Gibraltar Adopts Ordinance to Ban Coal-Tar-Based Sealants

The Town of Gibraltar voted unanimously to adopt an ordinance banning the sale and use of coal-tar-based sealants, making it only the second municipality in Door County to do so.

This ordinance will allow the town to fine individuals $250 – and contractors $1,000 – per day of violation. It will also require businesses that previously sold the sealants to put up a sign letting customers know about the ordinance.

The ordinance is modeled after others adopted elsewhere in the state and in Sturgeon Bay, where the ordinance has been on the books since January 2020. The Gibraltar Town Board’s July 7 decision to follow suit was because no action to ban coal-tar-based sealants has been taken on a state level, according to town board chair Steve Sohns.

“The alternative is to fight this in a different direction,” Sohns said. “The way to do that is for local communities to enact bans.”

What Are Coal-Tar-Based Sealants?

Coal-tar-based sealants are used to protect and refresh paved asphalt surfaces such as driveways, parking lots and playgrounds, said Dean Hoegger, president and executive director of the Green Bay–based Clean Water Action Council of Northeast Wisconsin. These sealants are historically inexpensive because coal tar is a byproduct of the process used to refine coal – and because they’re inexpensive, they’re used fairly commonly, Hoegger said. 

That’s a problem because coal tar is full of polycyclic aromatic hydrocarbons (PAHs): naturally occurring chemicals that result from burning materials such as coal, oil and gas. These chemicals have adverse effects on both humans and the environment.

“It’s a cancer risk, especially for kids who are exposed to [coal-tar-based sealants] for long periods of time,” Hoegger said. 

According to a U.S. Geological Survey study, the excess cancer risk was 38 times higher for people living next to coal-tar-sealcoated pavement than for people not living next to such pavement. And the harmful chemicals in these sealants travel through the air, tires and shoes, Hoegger said.

“The sealant wears off, so it has to be reapplied every three, four, five years,” he said. “It ends up being tracked into the home, day care centers, schools, churches – places where kids are hanging out.”

PAHs can also get into bodies of water such as streams via runoff, Hoegger said.

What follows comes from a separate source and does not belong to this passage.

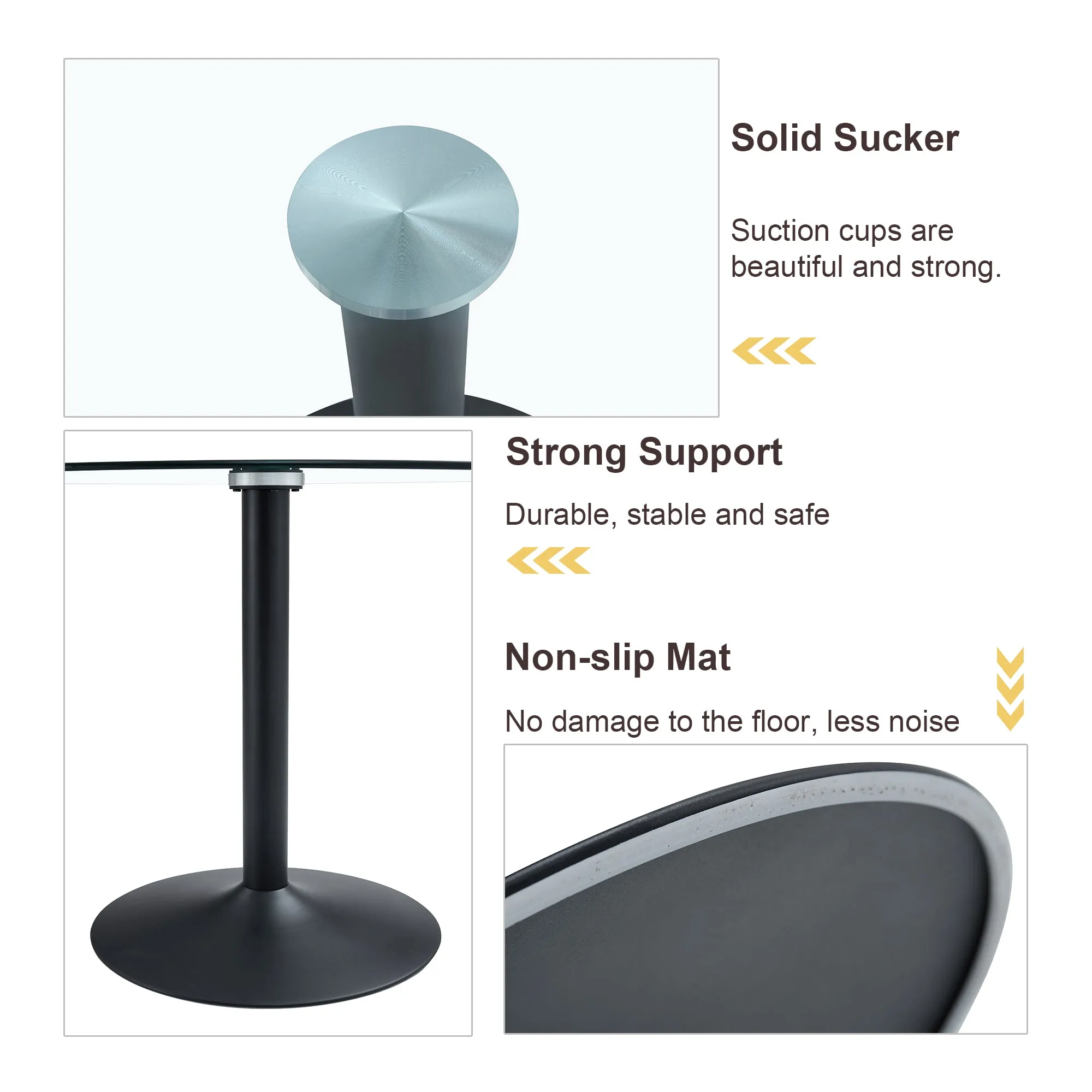 42" Glass Round Dining Table Set: Black Metal Base, 4 Gray PU Chairs - Stripe Backrest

There, PAHs can affect aquatic organisms such as invertebrates, amphibians and fish, causing reproductive and developmental problems and even death. 

Alternatives to coal-tar-based sealants include asphalt-based pavement sealants, which have up to 1,000 times lower PAH levels, or acrylic sealants, according to Clean Wisconsin.

Municipalities Are Doing What States Are Not

Although the risks associated with coal-tar-based sealants are well documented (Hoegger said it was first brought to the attention of the Clean Water Action Council around 2010), the state of Wisconsin has yet to take action on it. Washington, Minnesota, Maine, New York and Maryland are the only U.S. states that have coal-tar-based sealant bans either in effect now or planned to go into effect by 2024, according to Coal Tar Free America.

In Wisconsin, bills to ban coal-tar-based sealants have gone to Madison twice during the past few years, but Hoegger said the Clean Water Action Council understood, after speaking with Rep. Joel Kitchens, that it would likely be a long time before the issue was taken to the state level again.

That’s why Hoegger and the council are shifting approaches and trying to get individual municipalities to enact their own bans. 

According to Clean Wisconsin, at least 24 Wisconsin municipalities have banned the use of coal-tar-based sealants.

Though only two municipalities in Door County have banned the  sealant, Hoegger – who recently presented lectures on the topic at Crossroads at Big Creek in Sturgeon Bay and at the Unitarian Universalist Fellowship of Door County in Ephraim – is hopeful that the movement will spread.

“One person said they were going to take it to the Town of Sturgeon Bay and get it on their agenda; another person wanted to get it on the Egg Harbor agenda; and in Sister Bay, we had somebody who was very adamant about getting it before the [village] board,” Hoegger said.